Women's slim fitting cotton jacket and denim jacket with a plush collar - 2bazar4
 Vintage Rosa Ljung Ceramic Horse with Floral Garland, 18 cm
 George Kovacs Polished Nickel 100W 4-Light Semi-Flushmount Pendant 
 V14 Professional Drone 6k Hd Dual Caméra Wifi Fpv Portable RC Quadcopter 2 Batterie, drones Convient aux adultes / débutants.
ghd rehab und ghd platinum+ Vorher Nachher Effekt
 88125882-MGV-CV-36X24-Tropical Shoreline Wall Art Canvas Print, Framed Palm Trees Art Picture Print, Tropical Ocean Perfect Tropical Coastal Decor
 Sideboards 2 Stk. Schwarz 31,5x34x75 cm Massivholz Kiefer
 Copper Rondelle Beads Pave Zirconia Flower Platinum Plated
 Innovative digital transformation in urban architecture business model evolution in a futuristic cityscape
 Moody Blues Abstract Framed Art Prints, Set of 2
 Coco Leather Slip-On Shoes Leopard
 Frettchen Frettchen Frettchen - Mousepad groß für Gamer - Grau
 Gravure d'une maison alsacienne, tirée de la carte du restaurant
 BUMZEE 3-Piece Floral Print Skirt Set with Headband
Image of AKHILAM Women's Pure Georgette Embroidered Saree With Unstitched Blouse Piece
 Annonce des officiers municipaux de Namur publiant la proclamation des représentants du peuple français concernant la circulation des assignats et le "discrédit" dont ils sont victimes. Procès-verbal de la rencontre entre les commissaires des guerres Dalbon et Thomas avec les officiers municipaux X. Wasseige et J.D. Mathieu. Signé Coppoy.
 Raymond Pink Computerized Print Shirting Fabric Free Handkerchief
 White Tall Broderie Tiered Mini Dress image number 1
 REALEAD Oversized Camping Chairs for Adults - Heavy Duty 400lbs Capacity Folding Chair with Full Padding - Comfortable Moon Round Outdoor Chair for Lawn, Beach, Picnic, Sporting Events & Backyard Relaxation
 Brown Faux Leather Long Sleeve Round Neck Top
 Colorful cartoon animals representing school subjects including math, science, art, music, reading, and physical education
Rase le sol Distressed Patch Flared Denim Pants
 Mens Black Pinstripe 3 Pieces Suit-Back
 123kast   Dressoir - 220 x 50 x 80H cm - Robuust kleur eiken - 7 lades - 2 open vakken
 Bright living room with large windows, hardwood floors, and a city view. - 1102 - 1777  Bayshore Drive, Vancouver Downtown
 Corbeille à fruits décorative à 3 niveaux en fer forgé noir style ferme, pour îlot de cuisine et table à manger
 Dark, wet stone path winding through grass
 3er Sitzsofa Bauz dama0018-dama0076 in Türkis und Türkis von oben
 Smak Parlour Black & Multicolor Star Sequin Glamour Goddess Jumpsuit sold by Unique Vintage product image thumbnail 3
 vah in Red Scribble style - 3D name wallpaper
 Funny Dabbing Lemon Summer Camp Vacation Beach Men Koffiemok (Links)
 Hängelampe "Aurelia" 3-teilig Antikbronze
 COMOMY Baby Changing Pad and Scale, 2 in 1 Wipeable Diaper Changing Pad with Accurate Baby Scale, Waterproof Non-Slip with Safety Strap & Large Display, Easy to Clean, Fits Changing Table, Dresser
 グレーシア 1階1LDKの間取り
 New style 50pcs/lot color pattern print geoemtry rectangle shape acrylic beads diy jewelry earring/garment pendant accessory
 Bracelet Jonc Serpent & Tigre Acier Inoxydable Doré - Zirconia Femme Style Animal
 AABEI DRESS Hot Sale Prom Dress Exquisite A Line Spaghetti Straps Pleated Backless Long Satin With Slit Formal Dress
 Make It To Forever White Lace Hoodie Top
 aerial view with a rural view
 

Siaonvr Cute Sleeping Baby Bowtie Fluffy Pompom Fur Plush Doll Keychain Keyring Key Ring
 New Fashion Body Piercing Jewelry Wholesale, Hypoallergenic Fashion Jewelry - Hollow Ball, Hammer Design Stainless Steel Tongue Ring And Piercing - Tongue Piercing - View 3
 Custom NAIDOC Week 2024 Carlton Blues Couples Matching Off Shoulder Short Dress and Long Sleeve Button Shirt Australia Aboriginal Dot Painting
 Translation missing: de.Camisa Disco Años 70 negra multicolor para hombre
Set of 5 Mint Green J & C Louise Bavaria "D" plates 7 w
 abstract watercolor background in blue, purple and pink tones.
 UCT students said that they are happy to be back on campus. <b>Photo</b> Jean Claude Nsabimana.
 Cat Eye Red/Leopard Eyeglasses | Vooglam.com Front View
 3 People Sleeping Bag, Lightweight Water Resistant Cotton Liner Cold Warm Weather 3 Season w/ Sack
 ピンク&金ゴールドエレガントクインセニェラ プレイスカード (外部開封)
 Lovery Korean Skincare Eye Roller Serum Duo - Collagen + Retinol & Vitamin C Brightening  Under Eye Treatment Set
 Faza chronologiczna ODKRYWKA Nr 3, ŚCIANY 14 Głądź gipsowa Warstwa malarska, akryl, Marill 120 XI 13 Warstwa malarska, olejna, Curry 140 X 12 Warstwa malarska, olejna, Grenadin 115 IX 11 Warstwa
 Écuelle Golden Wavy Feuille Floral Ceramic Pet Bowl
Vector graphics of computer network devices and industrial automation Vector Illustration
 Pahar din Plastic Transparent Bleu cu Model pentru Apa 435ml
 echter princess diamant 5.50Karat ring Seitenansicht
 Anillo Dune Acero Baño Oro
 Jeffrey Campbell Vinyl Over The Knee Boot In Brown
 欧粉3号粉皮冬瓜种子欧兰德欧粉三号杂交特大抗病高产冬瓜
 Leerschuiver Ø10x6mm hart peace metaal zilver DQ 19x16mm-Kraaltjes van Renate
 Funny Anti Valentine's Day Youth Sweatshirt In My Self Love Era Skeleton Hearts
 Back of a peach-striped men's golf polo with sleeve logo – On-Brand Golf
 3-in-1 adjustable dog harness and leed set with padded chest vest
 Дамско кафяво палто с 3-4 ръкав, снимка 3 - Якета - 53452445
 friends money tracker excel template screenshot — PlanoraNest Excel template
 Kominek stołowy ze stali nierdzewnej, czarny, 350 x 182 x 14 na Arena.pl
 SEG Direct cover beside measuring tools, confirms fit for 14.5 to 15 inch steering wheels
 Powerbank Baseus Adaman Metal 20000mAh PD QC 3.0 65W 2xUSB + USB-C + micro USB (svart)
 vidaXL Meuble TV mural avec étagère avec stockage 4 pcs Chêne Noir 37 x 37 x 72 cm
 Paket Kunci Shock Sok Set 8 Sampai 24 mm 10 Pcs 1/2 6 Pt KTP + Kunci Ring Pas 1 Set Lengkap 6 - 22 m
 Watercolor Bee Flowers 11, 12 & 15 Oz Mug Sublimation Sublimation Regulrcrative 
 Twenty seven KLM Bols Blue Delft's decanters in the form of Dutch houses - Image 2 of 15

-- TASK PROMPT --
Reproduce only the lines above, starting at the line with "UCT students said" and ending at the line with "ピンク&金ゴールドエレガントクインセニェラ プレイスカード (外部開封)", exactly as written.

-- TASK OUTPUT --
 UCT students said that they are happy to be back on campus. <b>Photo</b> Jean Claude Nsabimana.
 Cat Eye Red/Leopard Eyeglasses | Vooglam.com Front View
 3 People Sleeping Bag, Lightweight Water Resistant Cotton Liner Cold Warm Weather 3 Season w/ Sack
 ピンク&金ゴールドエレガントクインセニェラ プレイスカード (外部開封)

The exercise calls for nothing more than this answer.